L’ispettore, in via amichevole, ha contattato i due colleghi facendogli notare il problema. Questi, per tutta risposta… nemmeno avevano capito il problema. Pensavano ad una divergenza di opinioni politiche. Non li sfiorava nemmeno il cervello che non soltanto insultare via Facebook è un reato, ma nemmeno che due ufficiali di Polizia, nel momento in cui infamano il la massima autorità dello stato, sono licenziabili in tronco!

D’altra parte, quanto ad ignoranza sulle regole della comunicazione, i primi, grandi, enormi ed imperdonabili protagonisti sono proprio loro (anzi, proprio noi, considerato che il sottoscritto fa parte della categoria): i giornalisti.

Al di là dell’ ignobile tendenza a lanciare il sasso e ritrarre la mano, cioè a provocare i lettori per il semplice gusto di creare scompiglio, su qualunque argomento possa suscitare gli istinti più bassi, per mettersi alla finestra e gustarsi i fuochi d’artificio, l’ignoranza delle regole da parte di giornalisti ed editori è palese.

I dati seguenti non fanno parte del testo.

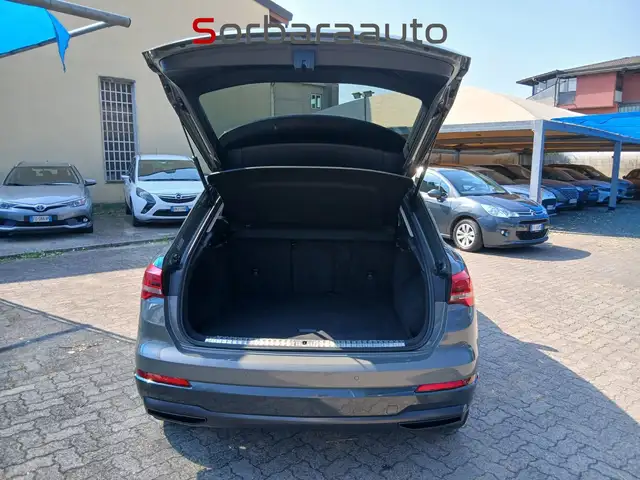 Audi Q3 view 10
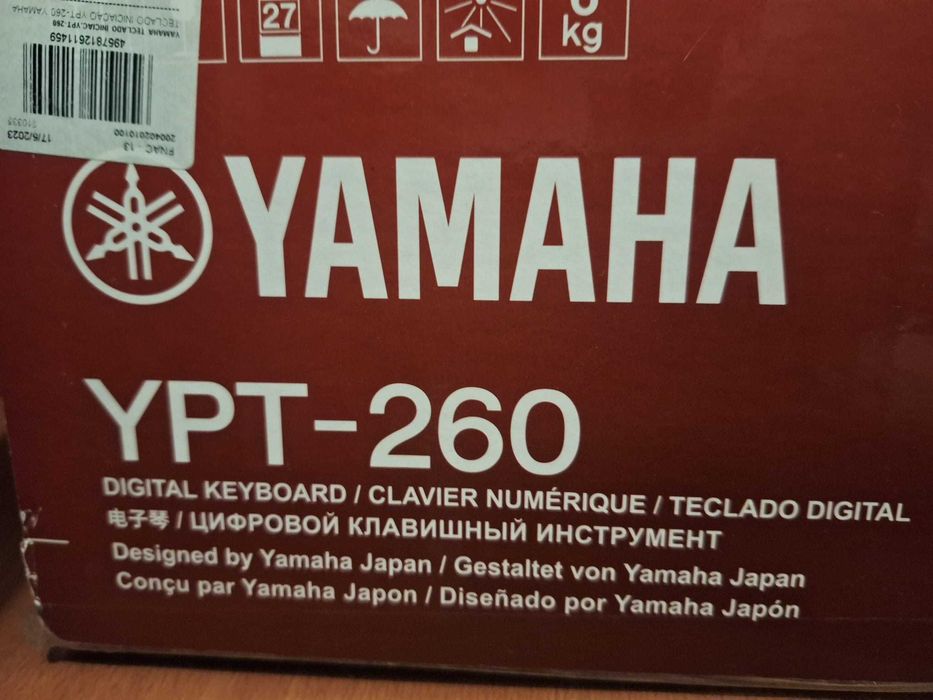 Teclado digital Yamaha YPT-260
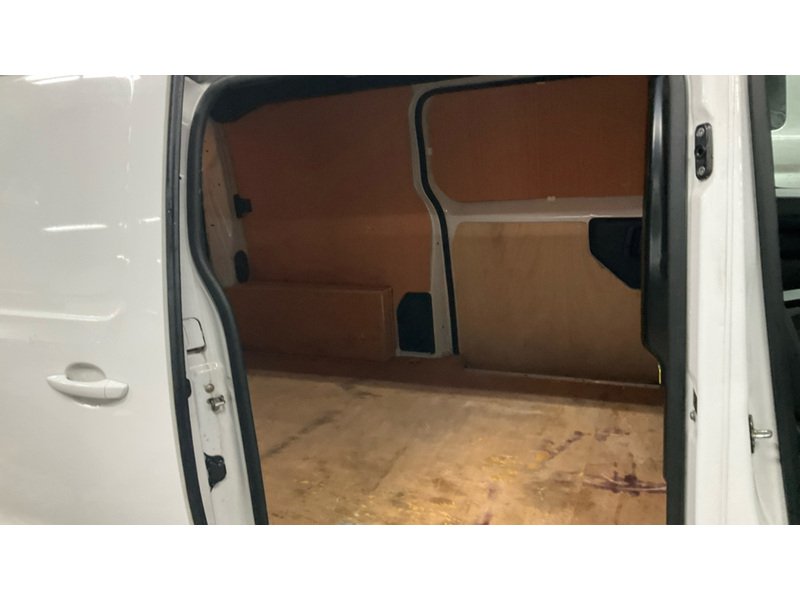 Used Vauxhall Vivaro 2022 for sale - 77720614: Photo 9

Provare per credere? Domanda: il moderatore, il direttore responsabile e l’editore sono responsabili dell’insulto postato da un lettore nel dibattito che segue l’articolo?

Sì. Per un semplice motivo: i commenti, soprattutto quelli pubblicati sulle pagine online del giornale, sono “moderati” dalla redazione. Cioè, è la redazione che li approva. Se una redazione approva la pubblicazione di un insulto, ne è responsabile. Esattamente come l’autore dell’insulto.

Nell’estate del 2015, due ragazzi varesini sono rimasti uccisi sulle strade del Salento. Uno era mio nipote. Erano due passeggeri, trasportati. Un tir gli ha spezzato il collo. “Se lo sono meritati”, “La selezione della specie”, “Chissà cosa avevano bevuto e di cosa si erano drogati”: sono alcuni degli interventi comparsi a commento degli articoli pubblicati da tutti i quotidiani italiani, grandi e piccoli. Tutti commenti “moderati” dalle redazioni.

Nessuno merita di morire. Tantomeno a 20 anni. Tantomeno se hai una bimba di un anno che ti aspetta a casa. Tantomeno se sei un passeggero incolpevole.

Ho presentato un esposto all’Ordine dei Giornalisti a carico di una ventina di colleghi ed una dozzina di testate locali e nazionali Ad un anno e mezzo di distanza, stanno arrivando le prime sentenze. Non avevo e non ho nessun interesse punitivo, nessun rancore o desiderio di vendetta.

Auspico, piuttosto, che da una tragedia, in un modo o nell’altro, la categoria dei giornalisti senta le necessità o magari il desiderio di ri-partire dall’abc della professione. Il giorno in cui i giornalisti torneranno a praticare la consapevolezza delle regole, “magicamente” sapranno trasmettere queste regole, questa etica e correttezza della comunicazione anche ai loro lettori, un po’ meno ignoranti e frustrati.